The Legend of Zorro is about what you expect and want if you are a fan or just looking for a good, light-hearted time at the cineplex. Director Martin Campbell fills the movie with plenty of action-filled sword fights, battles between good and evil, a cute kid to make you smile, and silly moments to make you laugh. However, you might also find yourself laughing at some of the historical inaccuracies.
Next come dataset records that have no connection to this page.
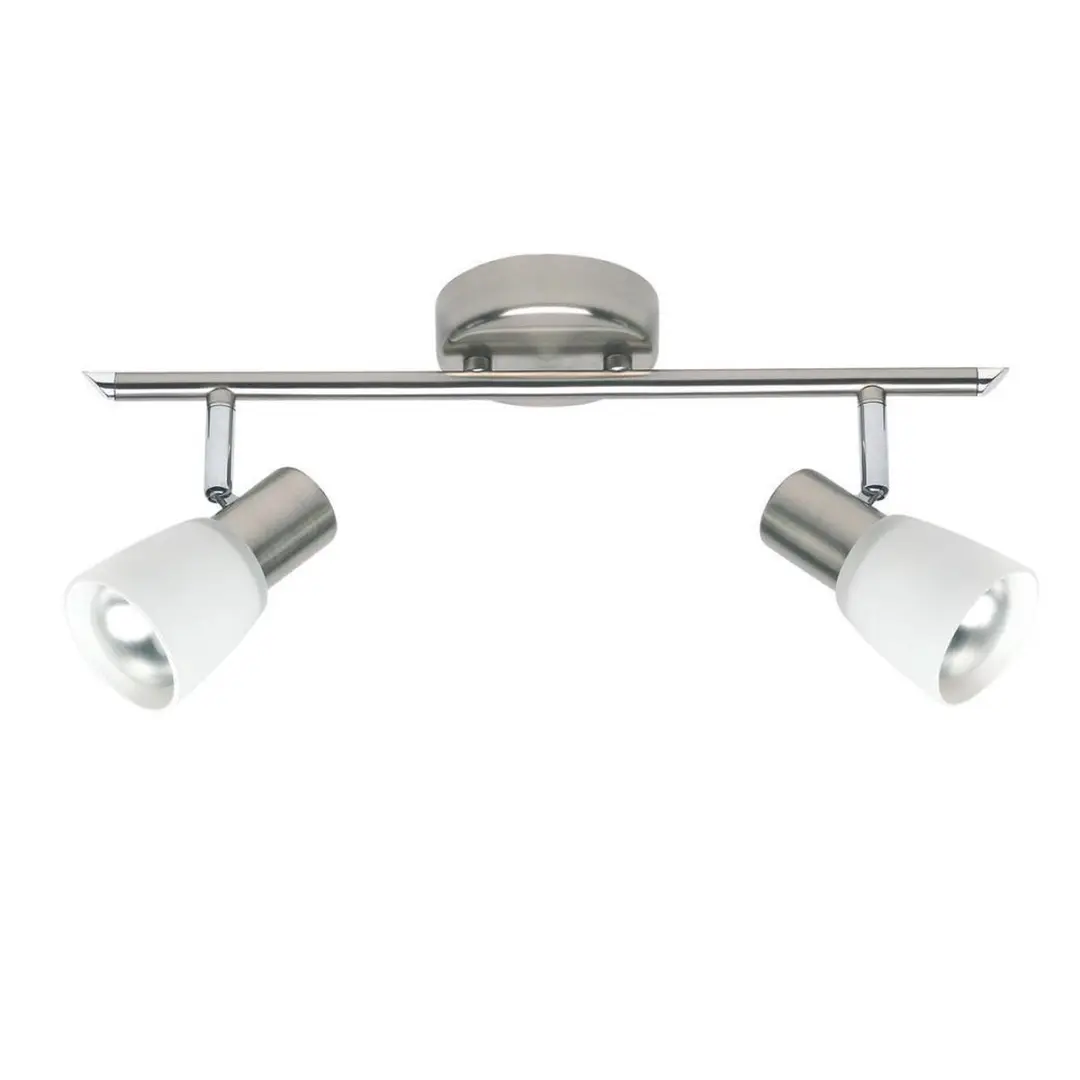 Brilliant LUCA Plafondlamp - 4 Lichtpunten - Chroom/Wit - afbeelding 6 van 6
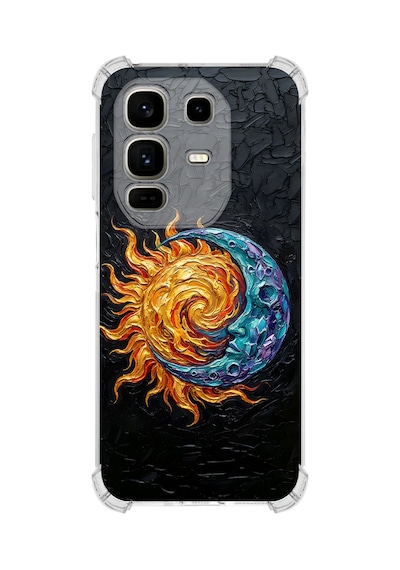Printify Infinix Note 50 Pro İle Uyumlu Şeffaf Silikon Kılıf Uv Baskılı Esnek Tpu Kapak Sıcak Ve Soğuk No4
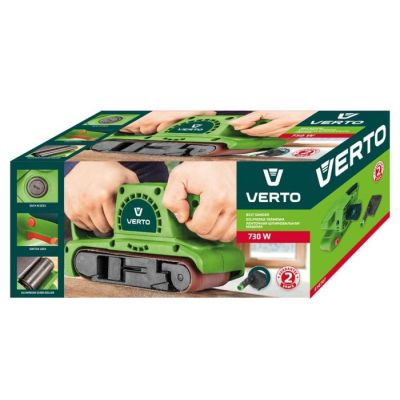 730W Belt Sander, 75 x 457 mm Verto Endless Belt
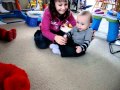 Mason And Tickle Me Elmo Playing Together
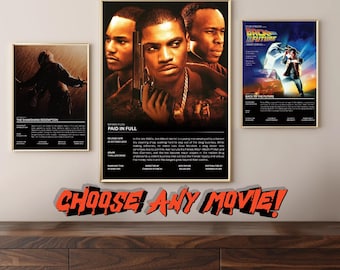Movie Posters - Custom Movie Posters Choose Your Own Movie/Series Poster For Print - Frames Are Not Inlcuded Unless Selected!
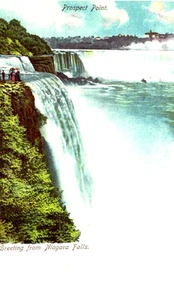 Cartolina d'epoca - Saluti dalle Cascate del Niagara, Prospect Point, NY - Foto 1 di 2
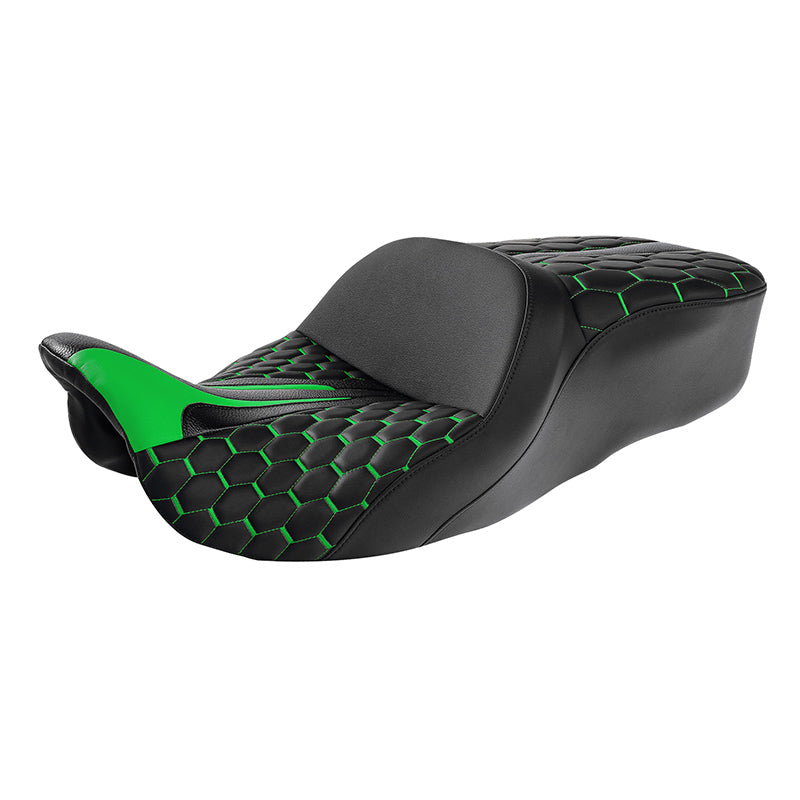 Gel Seat C.C. RIDER Touring Seat Driver Passenger Seat For Harley CVO Street Glide Road King Road Glide Electra Glide, 2009-2023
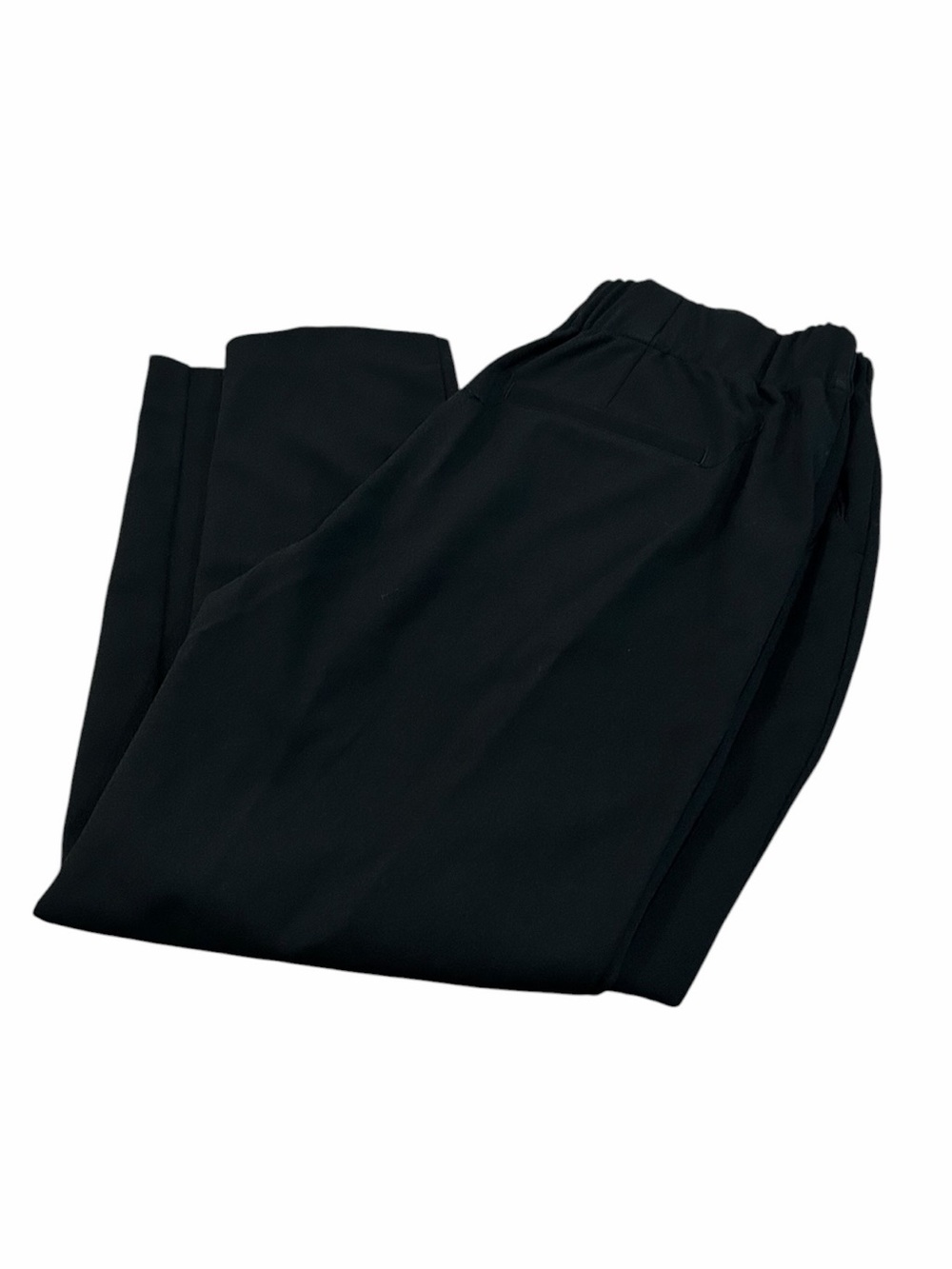 RAFAELLA cropped black pull on dress pants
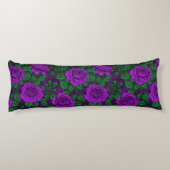 Coussins Longs Roses violets (Dos)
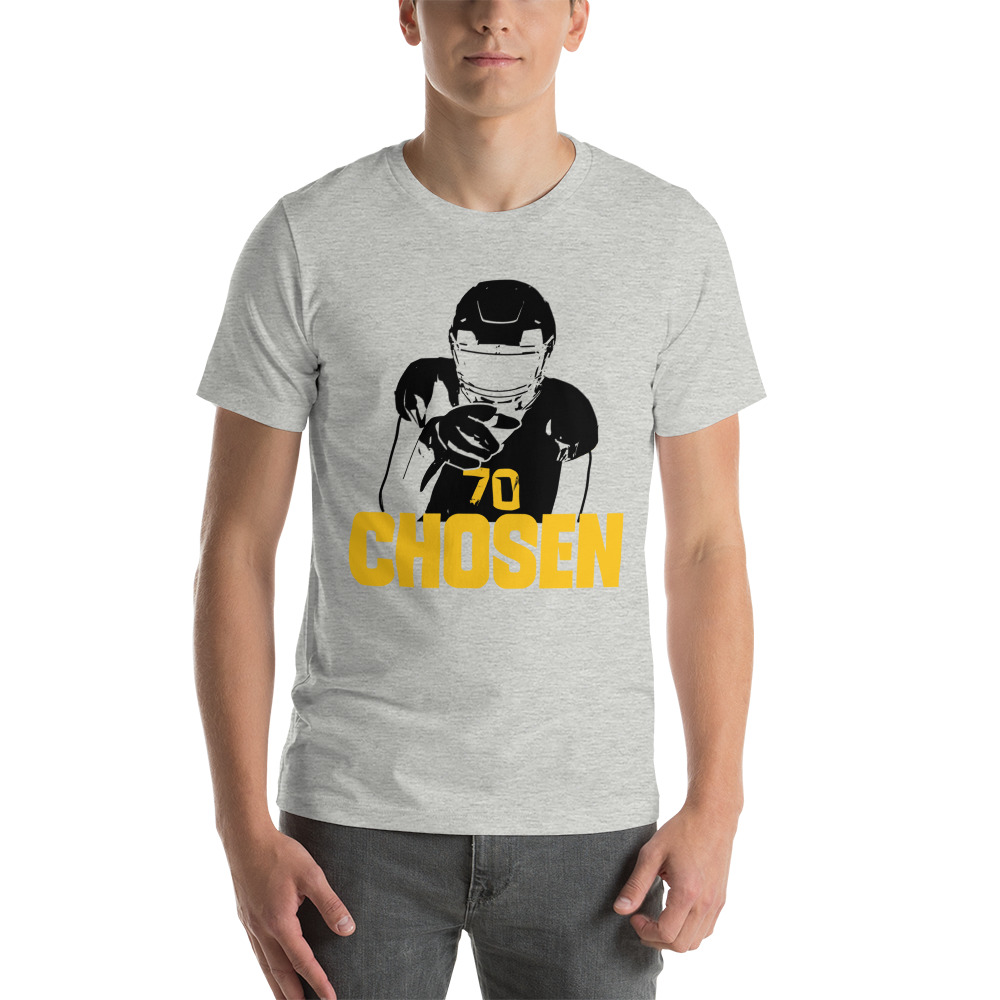 "Chosen" by Bryce Simpson Shirt, Black Logo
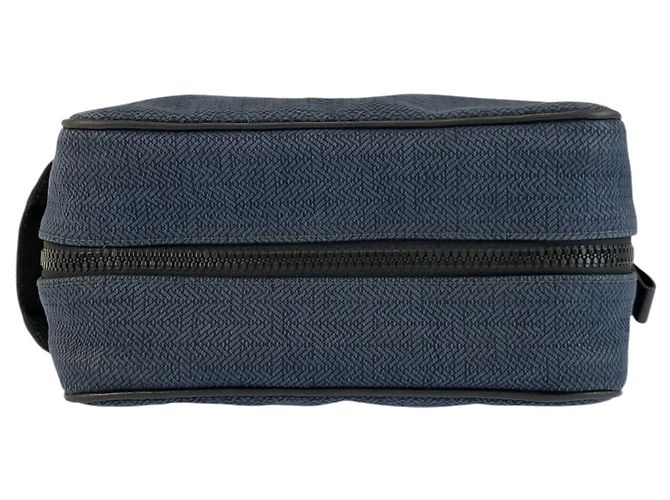 Hermès Pochette borsa HERMES Globe-Trotter MM Nero Blu navy - vista 7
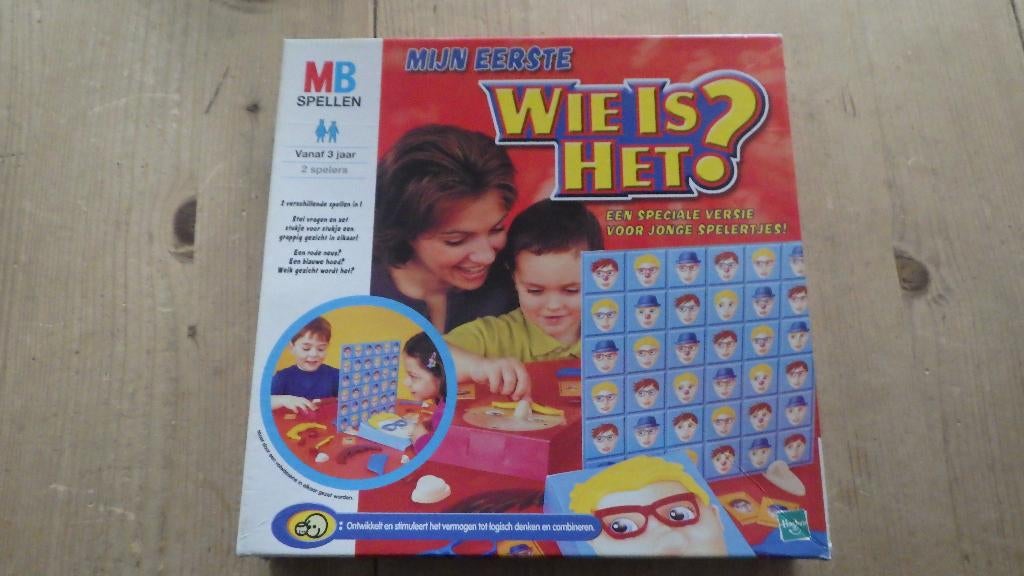 Wie is het mijn eerste, Hobby en Vrije tijd, Gezelschapsspellen | Bordspellen, Ophalen of Verzenden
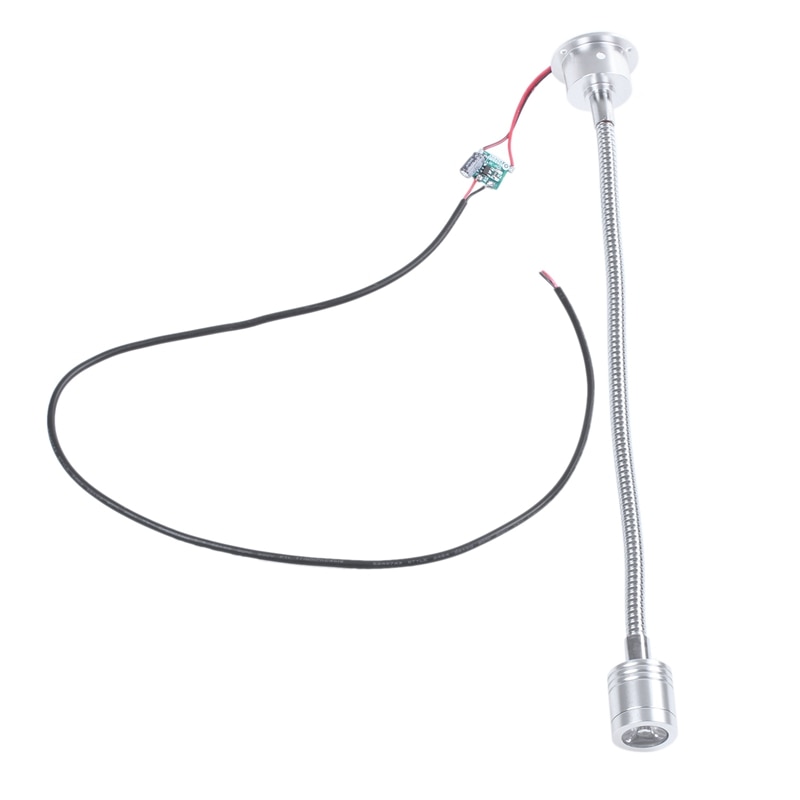 3W Dc 12V-24V Flexibele Led Spot Lamp Kantoor Lamp, Wit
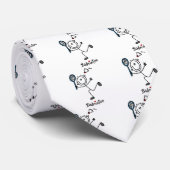 Strichmännchen-Badminton-T - Shirts und Geschenke Krawatte (Gerollt)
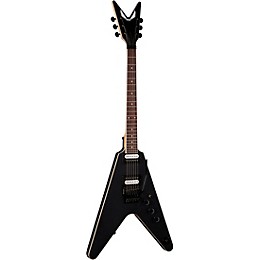 Dean VX With Floyd Rose Tremolo Electric Guitar Black Satin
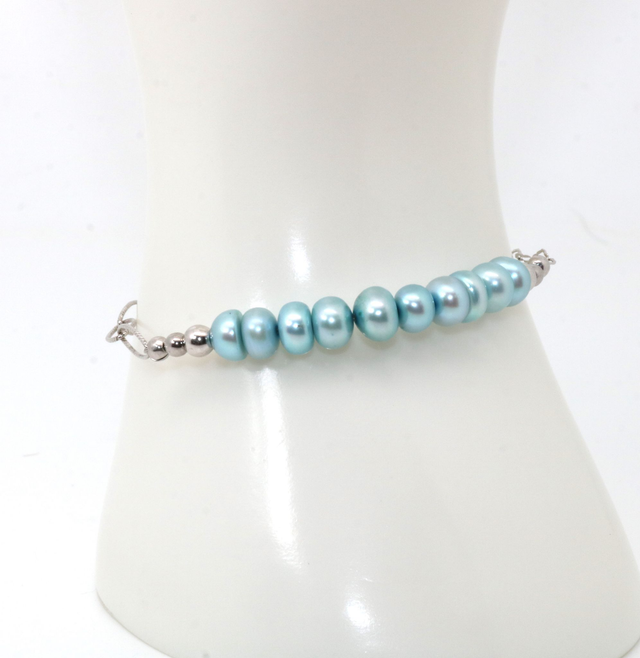 Armband Lola – Eleganz in Silber und Perle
One member of Armand's grand scheme (and you know Armand has a scheme because he is the bad guy who has stolen Zorro's woman) is supposed to be a CONFEDERATE General, which is hard to do when the Confederacy did not come into creation until 1861! In another scene, we are treated to a man who looks REMARKABLY like Abraham Lincoln! This is impossible since Lincoln spent 1850 mourning the loss of his son and traveling Illinois' 8th Circuit Court as a lawyer (the district covered 400 miles and 14 counties, earning Lincoln the reputation of being a top notch lawyer). He was several years removed from his time in Congress, and a few years before his re-entrance into politics, so Lincoln has no reason to be in California, even if it was a vacation.

Campbell and the writers (Alex Kurtzman and Roberto Orci ) get burned twice for these inaccuracies. First, you don't need the Civil War angle to make the grand scheme more interesting or compelling. The plot, while a little silly and reminiscent of other movies, is good enough to keep the film's action moving forward with a purpose. Second, they look like idiots to anyone with a basic understanding of American history. I know Campbell is from New Zealand, so I can cut him some slack (he doesn't have to know this stuff like a High School Sophomore in America should), but someone from the studio should have sent him a history book before the movie started filming (probably someone at the studio who failed American History while a sophomore in high school). You might as well have Arnold Schwarzenegger showing up to play the Governor of California complete with limo and driver. Maybe Zorro can chill out while listening to his iPod (in his case, a zPod). These gross mistakes take away from our enjoyment of an otherwise fun movie.

Again, Banderas proves he is an underrated actor. His smoldering charisma, physical ability to make the action look real and comic chops make Banderas the best part of The Legend of Zorro. He gets the audience riled up and on his side as he battles the bad guys. Jones does what she can with limited screen time, especially as her role becomes more important towards the end, and she is able to shine as the equally tough battling wife of the hero.

Rounding out the cast is little Adrian Alonso as Joaquin -Alejandro and Elena's smart mouthed, Zorro-loving son. While his story is the most predictable (he loves Zorro, not so enamored with Dad, and will face a big shock when he finds out they are the same person, kid must feel like he is in a soap opera), Alonso is a treat whether getting involved in the fighting, rolling off one-liners or getting to meet his hero.

The Legend of Zorro has a great pace, good action, and fun acting. Just make sure you get a history lesson from your teachers and not the Cineplex.